According to Kenya Agricultural and Livestock Research Organisation (Kalro), Mtwapa station, Bixa plant does well in warm humid areas with temperatures of between 32 and 38 degrees Centigrade. This wild-looking plant does not require high fertile soils and is resistant to most pests and diseases. However, the soils should be well drained. It does well in areas with an altitude of 2,000m and annual rainfall of 1,250 mm-2000 mm. Farmyard manure of about 10 tonnes per acre is sufficient.


Propagate from either seed or using stem cuttings. Sow seeds in the nursery at a spacing of 25cm x 10cm and a minimum depth of 2.5 cm because of their long taproots. Germination occurs within eight to 10 days. Transplant seedlings after four months, when they are 15-25 cm tall preferably at the onset of the rains.


Dig one-foot pits, at a distance of three metres between plants and three metres between rows. On average, 250 seedlings are planted per acre.

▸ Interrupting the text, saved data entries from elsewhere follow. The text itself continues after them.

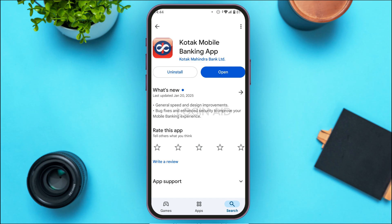You'll be led to the app page where you can see two options: Uninstall and Open. If your application is not updated, instead of the Open option you'll find an Update button. Tap on it, wait for a while, and your application will be updated. Once updated, the Update button will change back to Open, confirming you're on the latest version.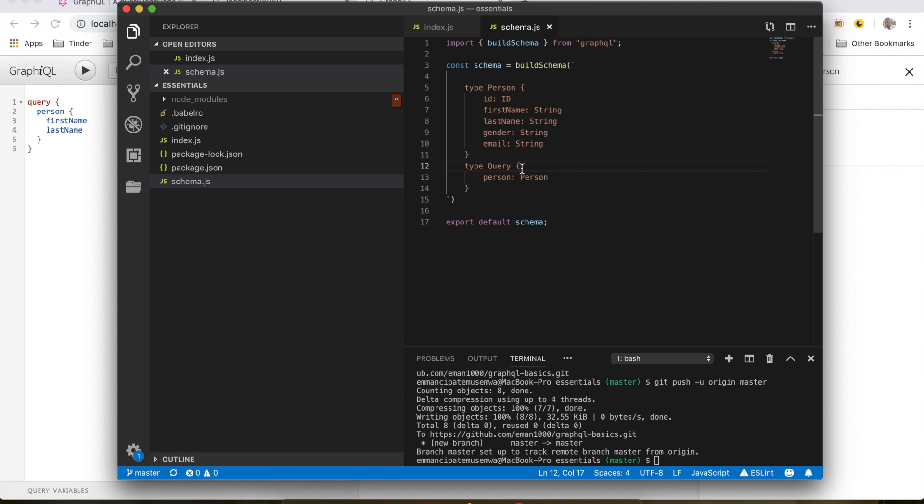So now let's look at object types and fields. In the previous videos we created a few types, for example, person type in which we defined what data it expects. Inside the person type we have all these fields which are a type of string, and this one id which is a type of an id. So the core of GraphQL is based on types. If you've ever worked with types before, this should be easy for you to understand. In this example, person is a GraphQL type and everything inside the person is called a field.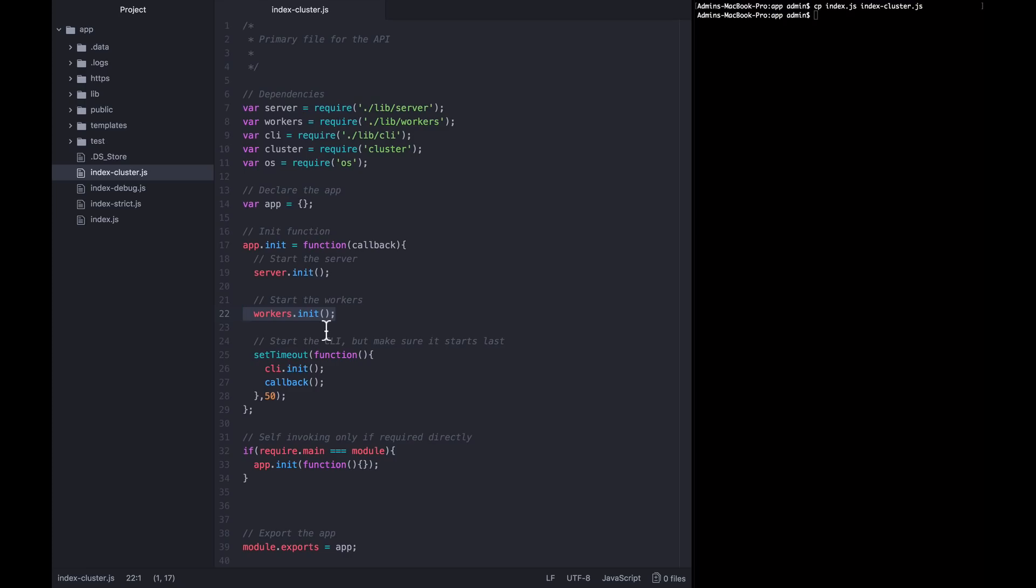Instead, the only thing we really want spread across all of our cores is what our server is doing, which is taking in requests. As the server takes in requests, we want the load to be spread across as many cores as possible, so as many HTTP requests can be processed per minute as our whole system resources will allow.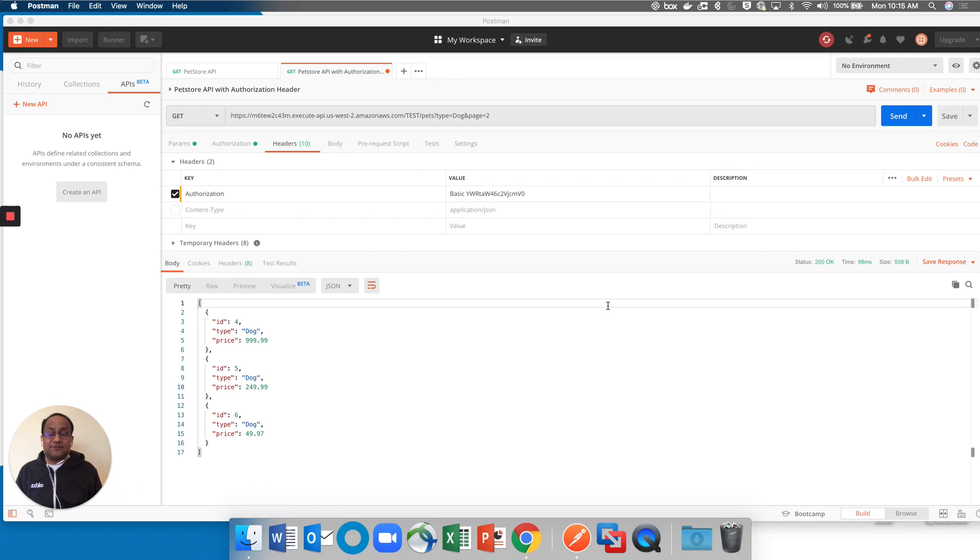So in the previous tutorial, what I showed you was how to invoke the Amazon Pet Store API, which is offered in an unauthenticated form.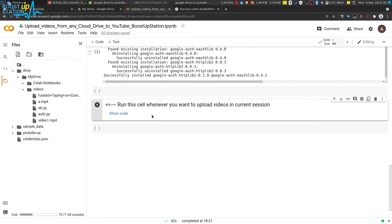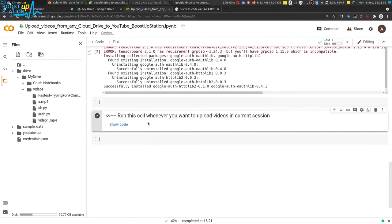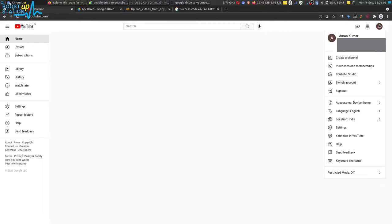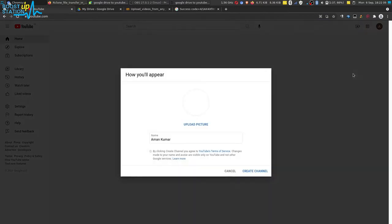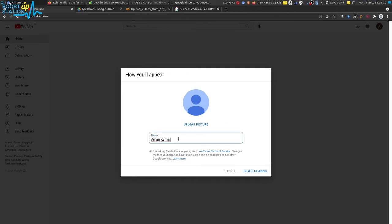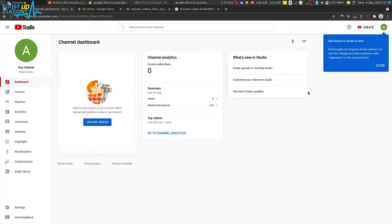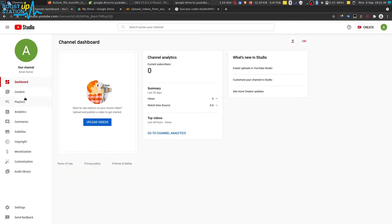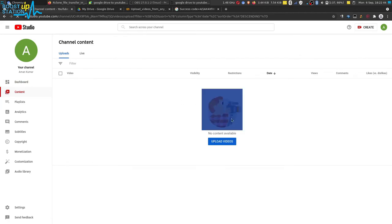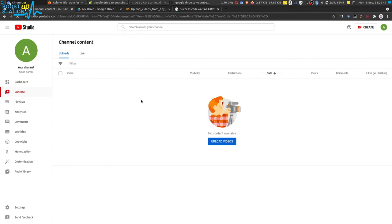Now we are left with the last cell, which will upload the videos to YouTube. Let me also open the YouTube channel — go to YouTube.com, click on the icon, and click on YouTube Studio. If it says you do not have a channel, you can create one with any name you want, then click on Create Channel. It will open YouTube Studio — click Continue and close. Now go to Content, and all the uploaded videos will appear there within a few seconds.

Weed as often as possible, ensuring that your young trees’ roots are not disturbed.


Prune to produce a canopy that is easy to harvest.

Flowering and fruiting:

Plants start flowering in the first or second year of planting. Pluck off flowers in the first two years to encourage good vegetative growth and for better performance of the plantation in subsequent years. The plant continues to yield flowers for 15 to 20 years.

Though the time of flowering differs with the species, plants that bear fruits three years after planting are of good quality. About 30 days from the start of flowering, capsules will appear on the trees and 90 days later they mature and dry.

The dried capsules make a rattling sound. They also form a crack at the stigmatic end of the capsule.


You should begin harvesting three years after planting. The plants can keep producing for eight to 20 years under good management.

The dried capsules should be harvested when they make a rattling sound, failing which, they will burst and result in heavy loss of seeds.

After collection, the capsules are sun- dried and then beaten with sticks to re- move the seeds. After that, the seeds are also sun-dried, cleaned, and packed in gunny bags.


On average, a three-year-old plant will yield about 0.5kg to 1.0kg of seeds in the initial years. The maximum yield is obtained from four to 10 years and it can be as high as 15kg per plant per year.